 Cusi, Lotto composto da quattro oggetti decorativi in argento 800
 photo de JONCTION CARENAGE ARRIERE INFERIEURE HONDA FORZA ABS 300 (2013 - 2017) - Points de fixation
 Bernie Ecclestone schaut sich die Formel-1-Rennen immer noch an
***
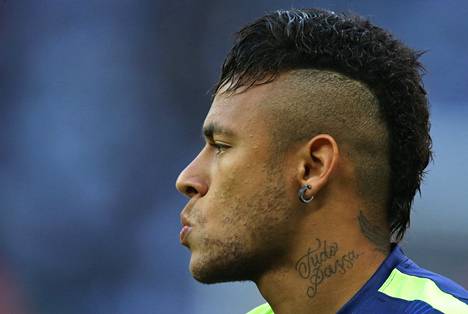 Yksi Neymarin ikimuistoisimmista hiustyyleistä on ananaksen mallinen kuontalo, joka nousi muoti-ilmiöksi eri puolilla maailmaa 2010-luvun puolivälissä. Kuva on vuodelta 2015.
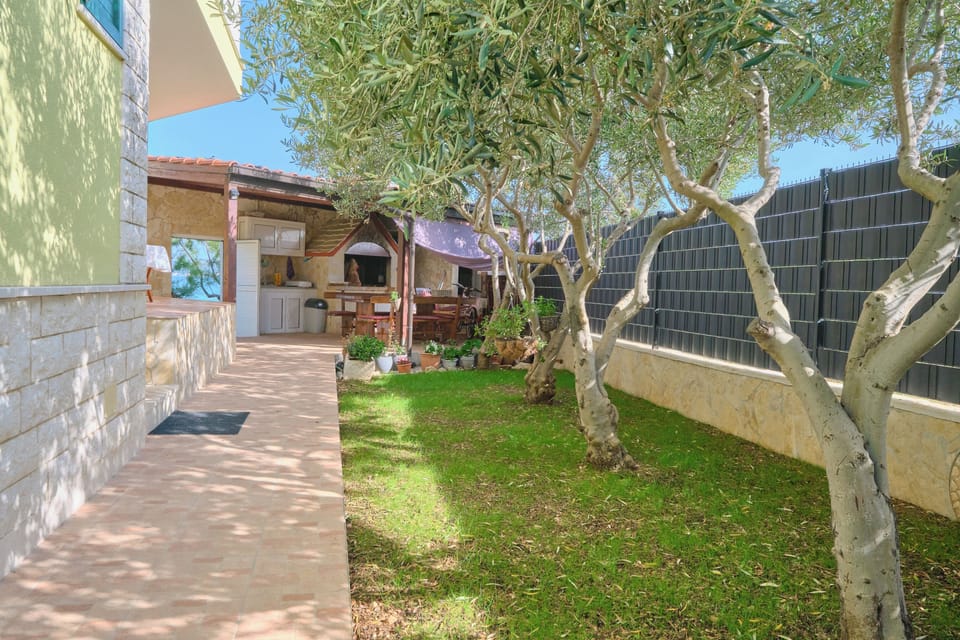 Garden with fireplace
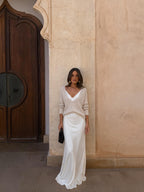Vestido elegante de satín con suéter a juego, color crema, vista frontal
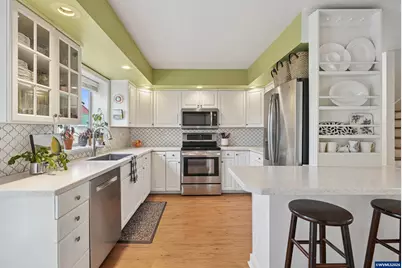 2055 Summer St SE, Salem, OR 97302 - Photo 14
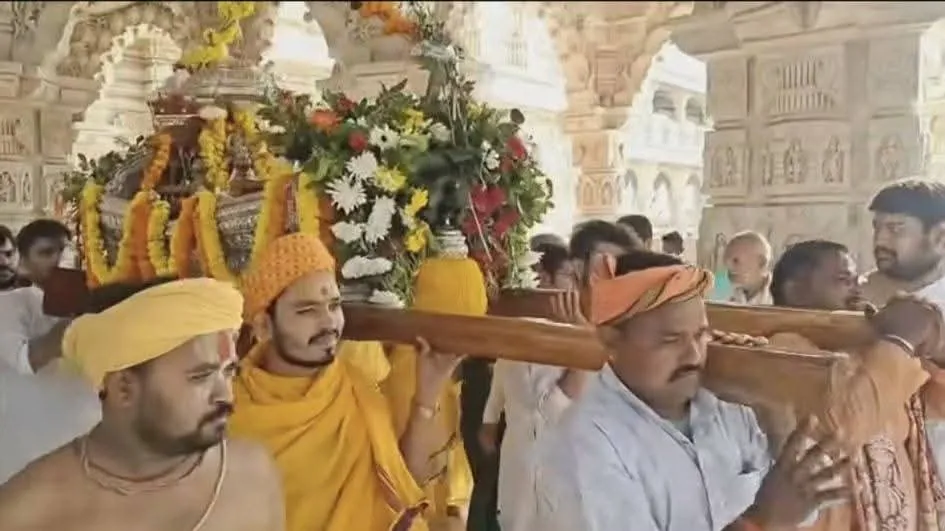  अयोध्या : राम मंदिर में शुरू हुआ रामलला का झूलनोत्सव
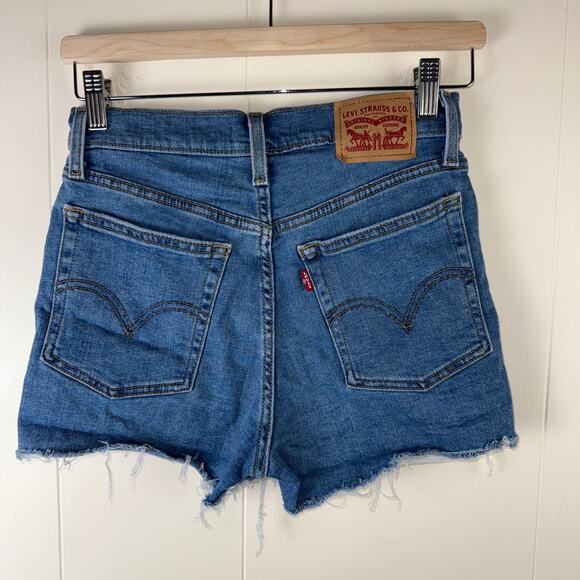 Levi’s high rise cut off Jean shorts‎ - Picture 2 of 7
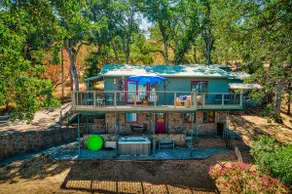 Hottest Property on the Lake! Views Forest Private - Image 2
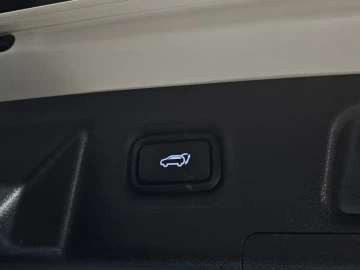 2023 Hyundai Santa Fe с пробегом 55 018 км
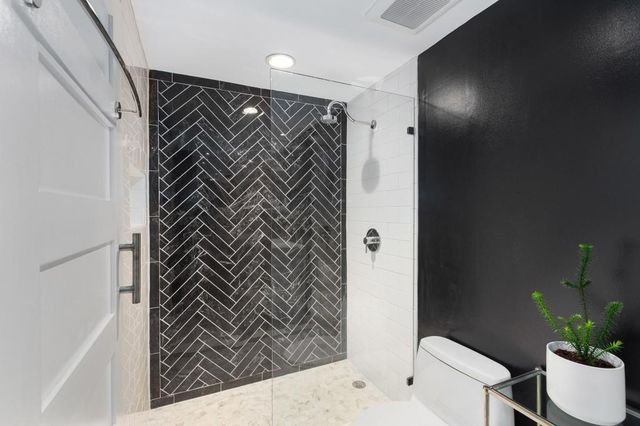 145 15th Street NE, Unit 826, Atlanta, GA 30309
***
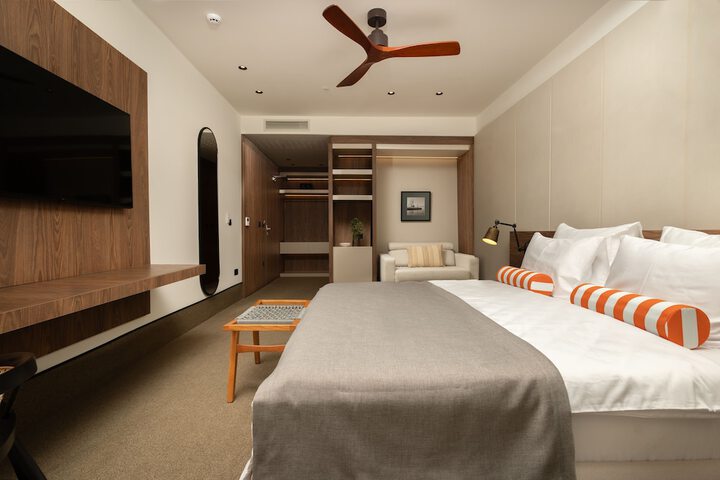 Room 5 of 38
***
# What you need to do:
Reproduce exactly, and with no other material, the lines between those holding "Cusi, Lotto composto" and "Bernie Ecclestone schaut", inclusive.

# Reply to the exercise:
 Cusi, Lotto composto da quattro oggetti decorativi in argento 800
 photo de JONCTION CARENAGE ARRIERE INFERIEURE HONDA FORZA ABS 300 (2013 - 2017) - Points de fixation
 Bernie Ecclestone schaut sich die Formel-1-Rennen immer noch an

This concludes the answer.